§ **Brief**
Give back the entries exactly as they read, leaving each image out.
*** Begin section ***
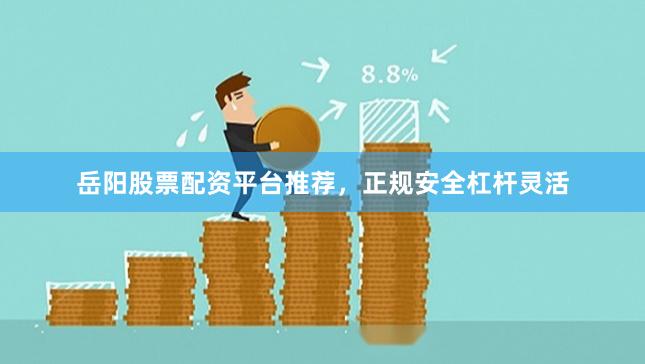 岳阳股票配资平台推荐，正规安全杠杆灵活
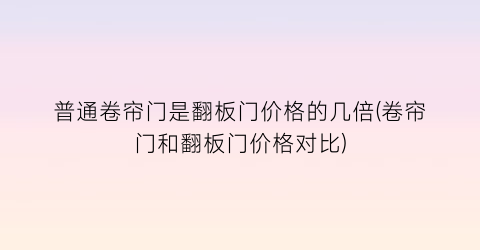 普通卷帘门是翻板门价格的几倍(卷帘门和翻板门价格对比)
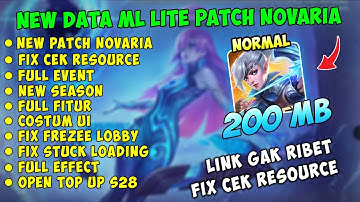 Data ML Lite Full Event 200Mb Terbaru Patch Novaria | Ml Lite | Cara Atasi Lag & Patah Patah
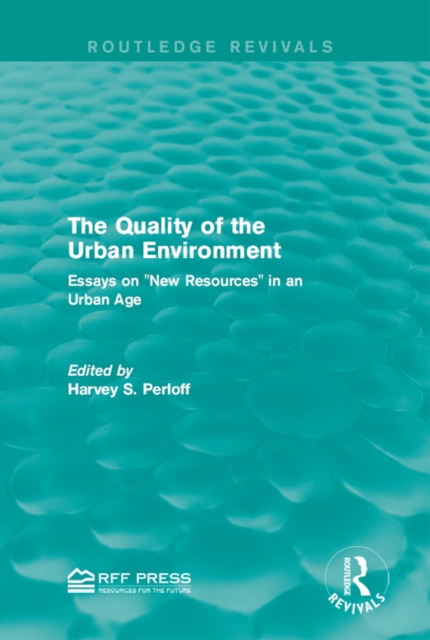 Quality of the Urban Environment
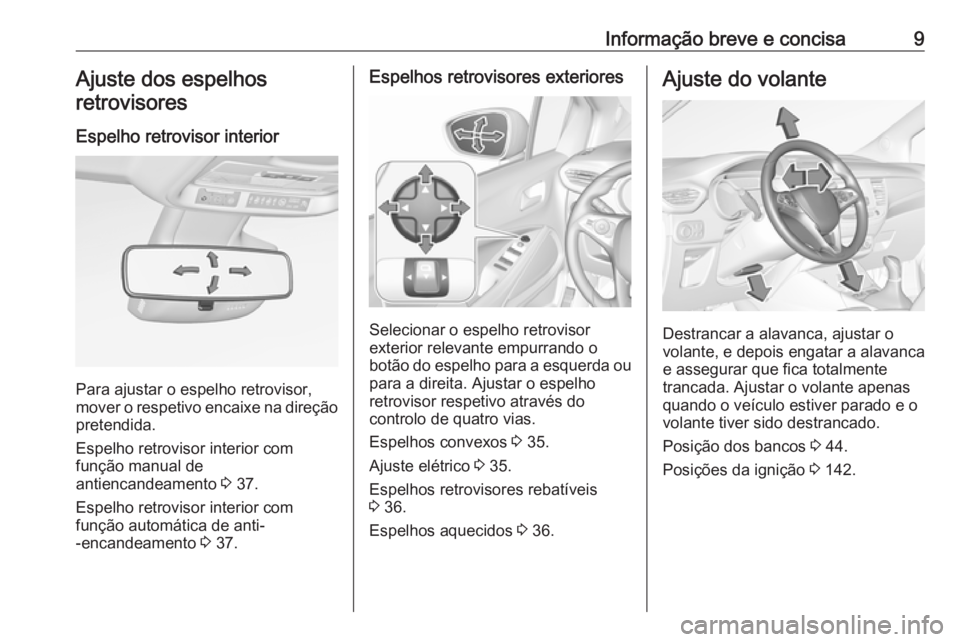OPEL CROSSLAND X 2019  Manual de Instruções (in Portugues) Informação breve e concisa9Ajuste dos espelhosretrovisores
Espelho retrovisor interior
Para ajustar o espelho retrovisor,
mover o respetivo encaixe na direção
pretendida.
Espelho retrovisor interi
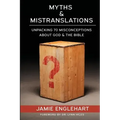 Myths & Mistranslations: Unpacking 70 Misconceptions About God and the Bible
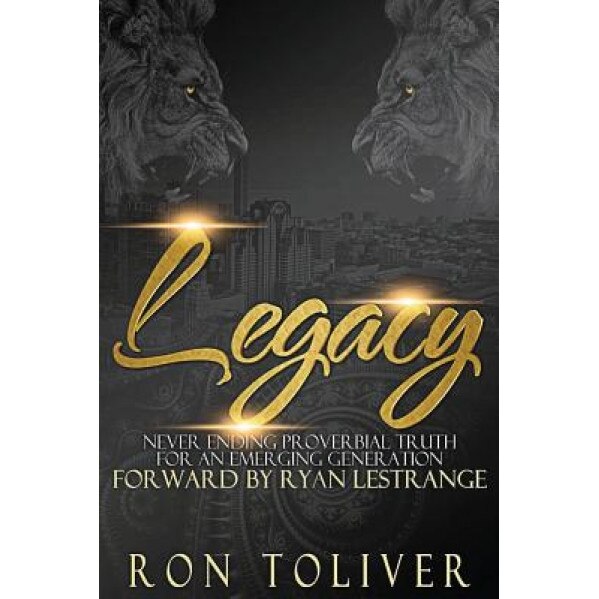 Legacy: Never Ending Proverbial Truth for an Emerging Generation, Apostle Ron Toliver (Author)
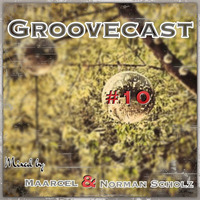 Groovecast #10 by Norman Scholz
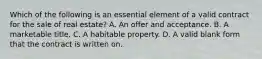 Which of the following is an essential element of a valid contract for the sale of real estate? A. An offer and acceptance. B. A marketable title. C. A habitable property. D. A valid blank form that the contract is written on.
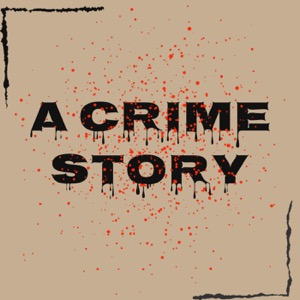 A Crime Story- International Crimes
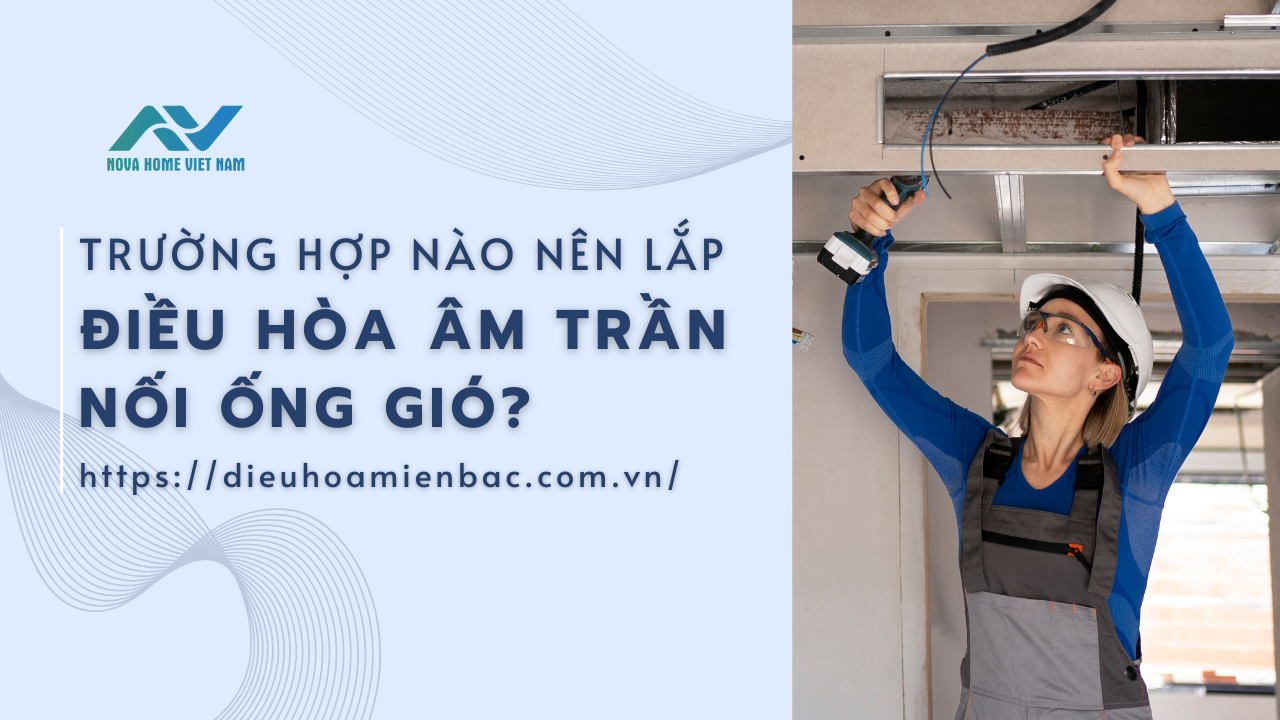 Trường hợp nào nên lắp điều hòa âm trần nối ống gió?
*** End section ***
§ **Exercise response**
 岳阳股票配资平台推荐，正规安全杠杆灵活
 普通卷帘门是翻板门价格的几倍(卷帘门和翻板门价格对比)
 Data ML Lite Full Event 200Mb Terbaru Patch Novaria | Ml Lite | Cara Atasi Lag & Patah Patah
 Quality of the Urban Environment
OPEL CROSSLAND X 2019  Manual de Instruções (in Portugues) Informação breve e concisa9Ajuste dos espelhosretrovisores
Espelho retrovisor interior
Para ajustar o espelho retrovisor,
mover o respetivo encaixe na direção
pretendida.
Espelho retrovisor interi
 Myths & Mistranslations: Unpacking 70 Misconceptions About God and the Bible
 Legacy: Never Ending Proverbial Truth for an Emerging Generation, Apostle Ron Toliver (Author)
 Groovecast #10 by Norman Scholz
 Which of the following is an essential element of a valid contract for the sale of real estate? A. An offer and acceptance. B. A marketable title. C. A habitable property. D. A valid blank form that the contract is written on.
 A Crime Story- International Crimes
 Trường hợp nào nên lắp điều hòa âm trần nối ống gió?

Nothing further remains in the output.